Universal Quantum Computation in Waveguide QED using Decoherence Free Subspaces

TL;DR

This paper demonstrates how to achieve universal quantum computation within Decoherence Free Subspaces in Waveguide QED by using controlled drivings and analyzing the system's dynamics.

Contribution

It introduces a method to perform universal quantum gates within DFS in Waveguide QED using single-site drivings and Liouvillian perturbation theory analysis.

Findings

Effective coherent evolution within DFS enables universal quantum gates.

Scaling behavior analyzed with Purcell Factor and control imperfections.

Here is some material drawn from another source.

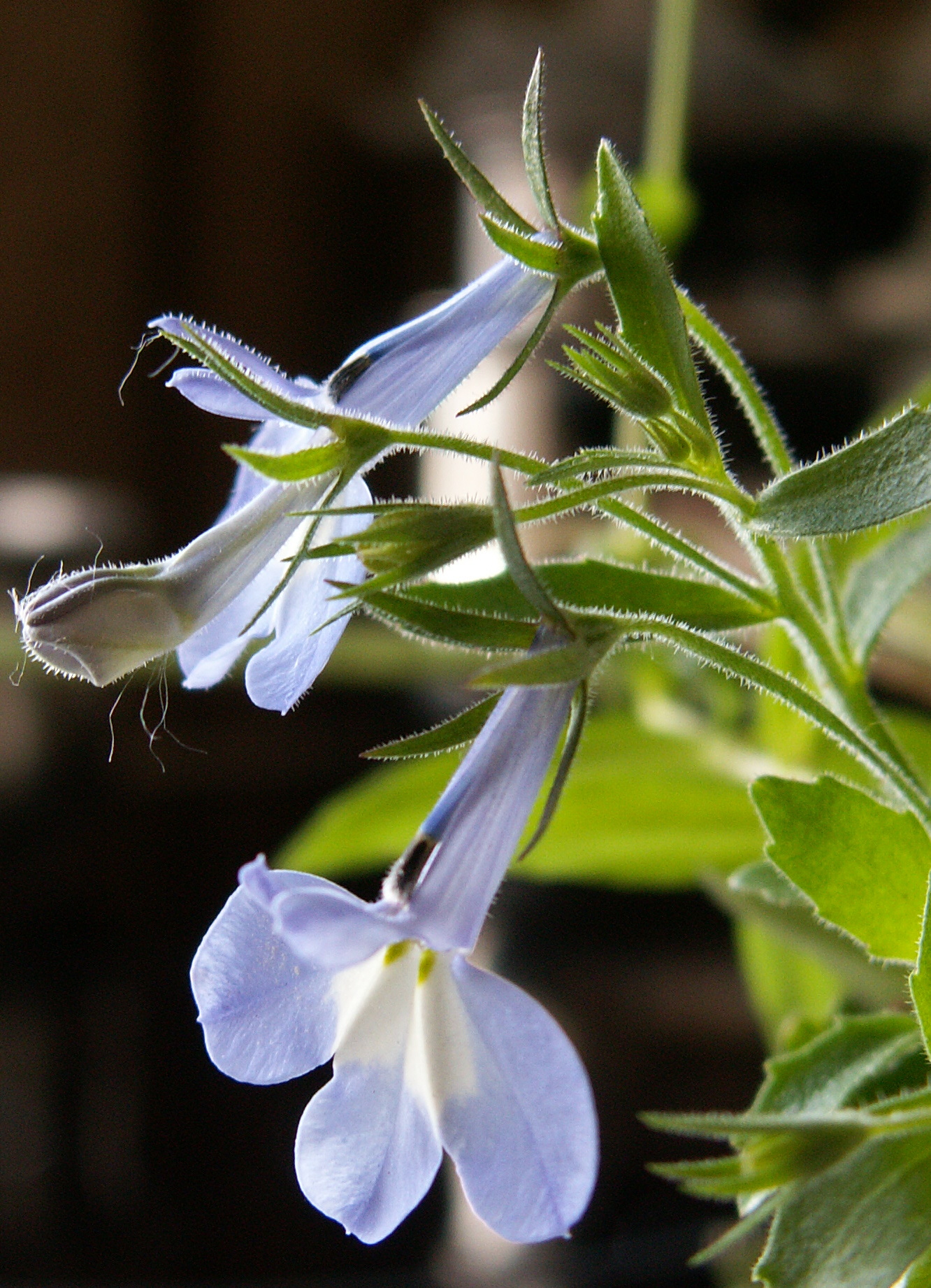 Lobelia erinus (door Han Beeuwkes)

Comparison with previous atomic cavity proposals shows advantages.

Abstract

The interaction of quantum emitters with one-dimensional photon-like reservoirs induces strong and long-range dissipative couplings that give rise to the emergence of so-called Decoherence Free Subspaces (DFS) which are decoupled from dissipation. When introducing weak perturbations on the emitters, e.g., driving, the strong collective dissipation enforces an effective coherent evolution within the DFS. In this work, we show explicitly how by introducing single-site resolved drivings, we can use the effective dynamics within the DFS to design a universal set of one and two-qubit gates within the DFS of two-level atom-like systems. Using Liouvillian perturbation theory we calculate the scaling with the relevant figures of merit of the systems, such as the Purcell Factor and imperfect control of the drivings. Finally, we compare our results with previous proposals using atomic $\Lambda$ systems in leaky cavities.